Bis zum Jahresende 1870 war diese Deutsche Einigung keineswegs gesichert. Besonders die Verhandlungen mit dem Königreich Bayern fanden unter großen Schwierigkeiten statt, da das Land für sich Sonderrechte forderte, die weder Preußen noch die anderen deutschen Staaten zuzugeben bereit waren. Nur der Beharrlichkeit, dem diplomatischen Geschick und der Erfindungsgabe Otto von Bismarcks war es zu danken, dass das Einigungswerk kurz vor Ultimo nicht doch noch scheiterte. Eine ausführliche Schilderung der Ereignisse bringt Erich Brandenburg in seinem Werk „Die Reichsgründung“ von 1916, die hier nachgelesen werden kann. Brandenburg beschreibt nicht nur die spannende Phase der Verhandlungen zwischen Bismarck und den süddeutschen Staaten, sondern beleuchtet auch die „Kaiserfrage“, den Streit über den Titel des Kaisers, der sich bis zum Tage der Proklamation hinzog. Bekanntlich wollte Wilhelm I., ohnehin nicht restlos begeistert von seiner neuen Würde („Was soll mir der Charaktermajor?“), „Kaiser von Deutschland“ und nicht „Deutscher Kaiser“ heißen, wie es aber bereits in der Verfassung festgeschrieben war. Bismarck kostete es erhebliche Mühen, um den König von Preußen doch noch umzustimmen. Wie groß die Verstimmung zwischen beiden gewesen ist, bezeugt die Tatsache, dass der Kaiser nach der Proklamation an seinem neuen Reichskanzler vorüberschritt, ohne ihm die Hand zu reichen. Wer Otto von Bismarcks Version der Geschichte in seinen „Gedanken und Erinnerungen“ nachlesen will, kann das hier tun.

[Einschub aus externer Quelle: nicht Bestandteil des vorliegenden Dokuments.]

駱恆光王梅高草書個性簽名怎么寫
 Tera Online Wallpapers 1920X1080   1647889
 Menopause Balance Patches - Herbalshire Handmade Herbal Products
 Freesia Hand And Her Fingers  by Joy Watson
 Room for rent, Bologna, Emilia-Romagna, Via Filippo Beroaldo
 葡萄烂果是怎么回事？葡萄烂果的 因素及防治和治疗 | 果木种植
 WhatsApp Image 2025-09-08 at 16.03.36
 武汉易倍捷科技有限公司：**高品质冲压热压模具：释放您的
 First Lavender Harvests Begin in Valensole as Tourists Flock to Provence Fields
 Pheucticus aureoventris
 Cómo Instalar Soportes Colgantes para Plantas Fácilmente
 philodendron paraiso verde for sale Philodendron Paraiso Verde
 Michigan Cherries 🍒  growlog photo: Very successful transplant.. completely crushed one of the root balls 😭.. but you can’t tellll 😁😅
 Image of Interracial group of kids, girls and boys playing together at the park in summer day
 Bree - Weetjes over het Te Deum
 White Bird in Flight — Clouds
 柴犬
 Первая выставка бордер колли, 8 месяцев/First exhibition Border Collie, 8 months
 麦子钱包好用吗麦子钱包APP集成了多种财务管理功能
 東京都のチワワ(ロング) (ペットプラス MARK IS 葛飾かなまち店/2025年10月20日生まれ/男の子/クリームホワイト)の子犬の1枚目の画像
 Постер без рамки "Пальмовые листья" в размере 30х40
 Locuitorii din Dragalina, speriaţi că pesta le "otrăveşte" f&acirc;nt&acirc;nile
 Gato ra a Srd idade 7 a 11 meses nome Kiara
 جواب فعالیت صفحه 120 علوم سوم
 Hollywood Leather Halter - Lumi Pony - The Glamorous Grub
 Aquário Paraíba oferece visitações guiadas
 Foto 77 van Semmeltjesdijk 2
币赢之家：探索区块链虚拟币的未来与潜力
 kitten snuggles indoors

Manuel Ruoff greift in einem Beitrag in der „Preußischen Allgemeinen Zeitung“ aus dem Jahre 2005 die Rolle auf, die der bayerische König Ludwig II. in diesem Geschehen spielte. Wer erfahren möchte, was Bismarck sich alles einfallen lassen musste, um die Zustimmung des „Märchenkönigs“ zur Reichsgründung zu erhalten, kann das an dieser Stelle nachvollziehen.
Der Akt der Kaiserproklamation am 18. Januar 1871 ist von vielen Seiten beschrieben worden, darunter von zahlreichen Augenzeugen. Eine übersichtliche Schilderung der Zeremonie hat Theodor Fontane in seinem bedeutenden Werk „Der Krieg gegen Frankreich 1870-1871“ gegeben. Wer sich dafür interessiert, kann das hier nachlesen. Schließlich fügen wir hier noch den Brief an, den der neue Kaiser Wilhelm I. noch am Tage der Proklamation an seine Gemahlin, Kaiserin Augusta, nach Berlin schrieb und aus dem nicht nur Begeisterung zu lesen ist.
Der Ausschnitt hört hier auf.